* [Exercise] Images do not belong in the copy. Set down all the entries exactly.

* [Records to process]
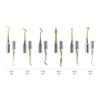 GDC Composite Instrument Gold Titanium Set Of 6 (CIGS6)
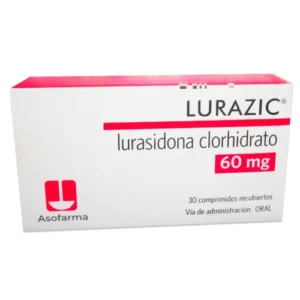 Lurazic 60mg x 30 Comprimidos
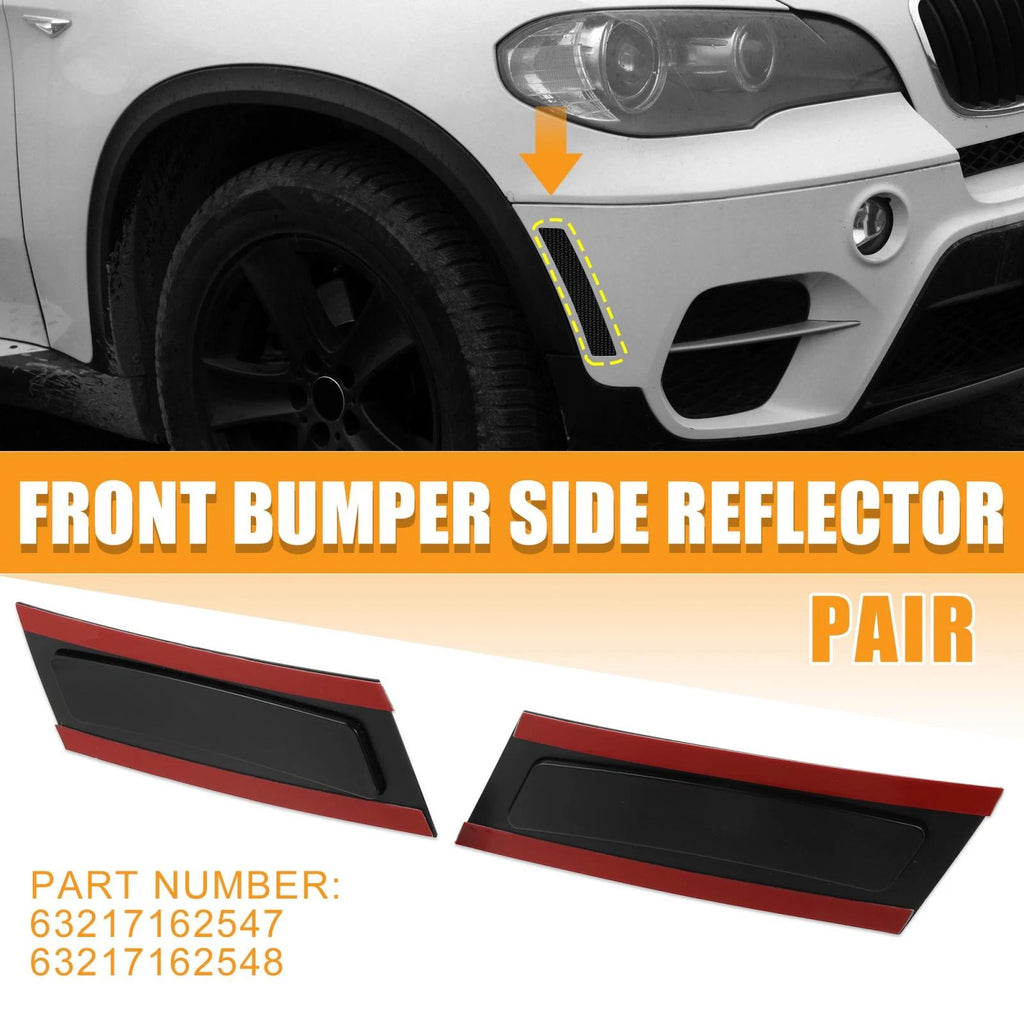 Front Bumper Side Marker Reflector Left for BMW X5 (2007–2013)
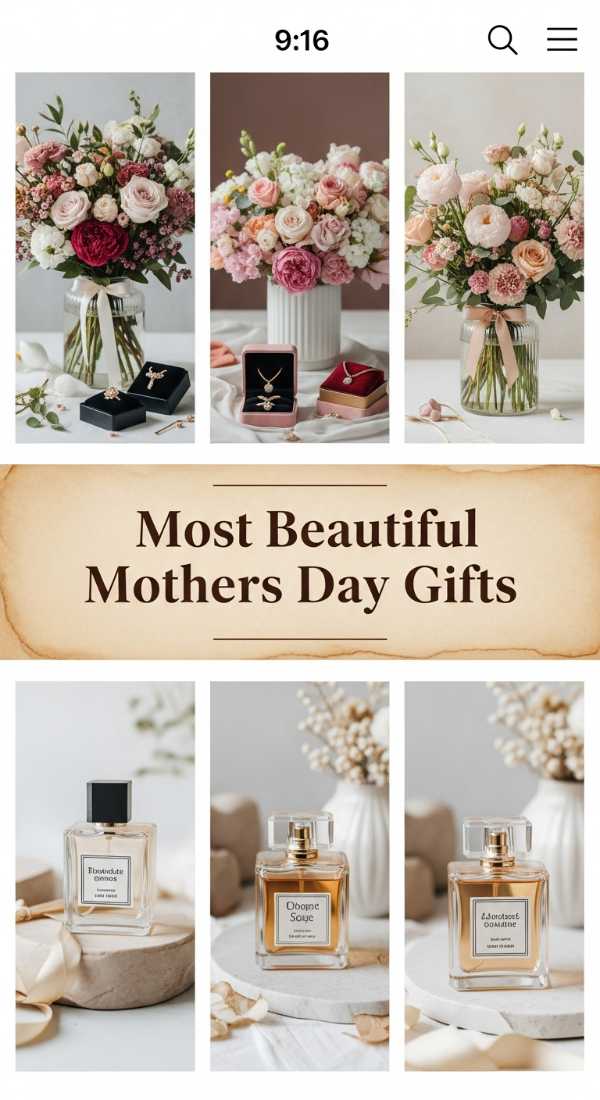The Seasonal Joy Handbook: Your All-In-One Guide to Festive Entertaining Most Beautiful Mothers Day Gifts 6a134f10b00fc
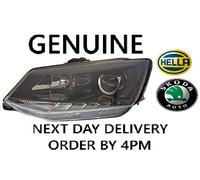 GENUINE OEM Hella Skoda Fabia III Halogen Headlight Left 2014-21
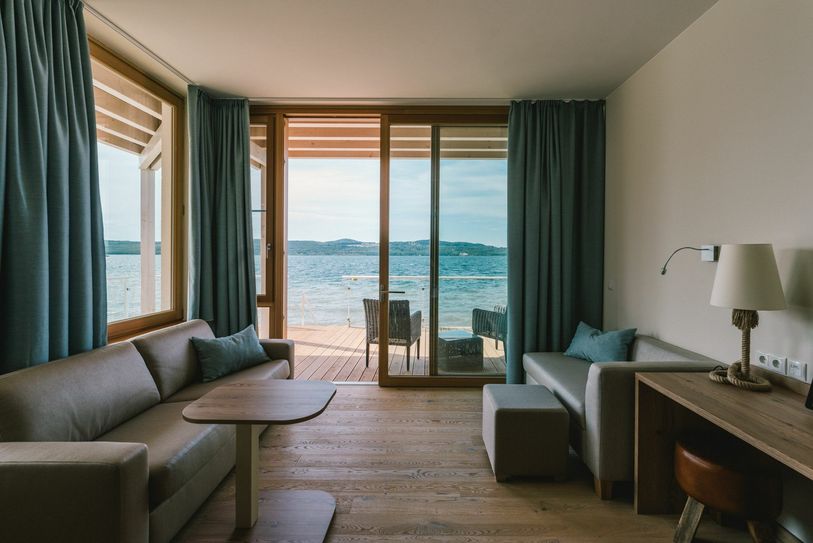 Blick in eines der Zimmer. Foto: Paul-Glaser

* [Result]
 GDC Composite Instrument Gold Titanium Set Of 6 (CIGS6)
 Lurazic 60mg x 30 Comprimidos
 Front Bumper Side Marker Reflector Left for BMW X5 (2007–2013)
The Seasonal Joy Handbook: Your All-In-One Guide to Festive Entertaining Most Beautiful Mothers Day Gifts 6a134f10b00fc
 GENUINE OEM Hella Skoda Fabia III Halogen Headlight Left 2014-21
 Blick in eines der Zimmer. Foto: Paul-Glaser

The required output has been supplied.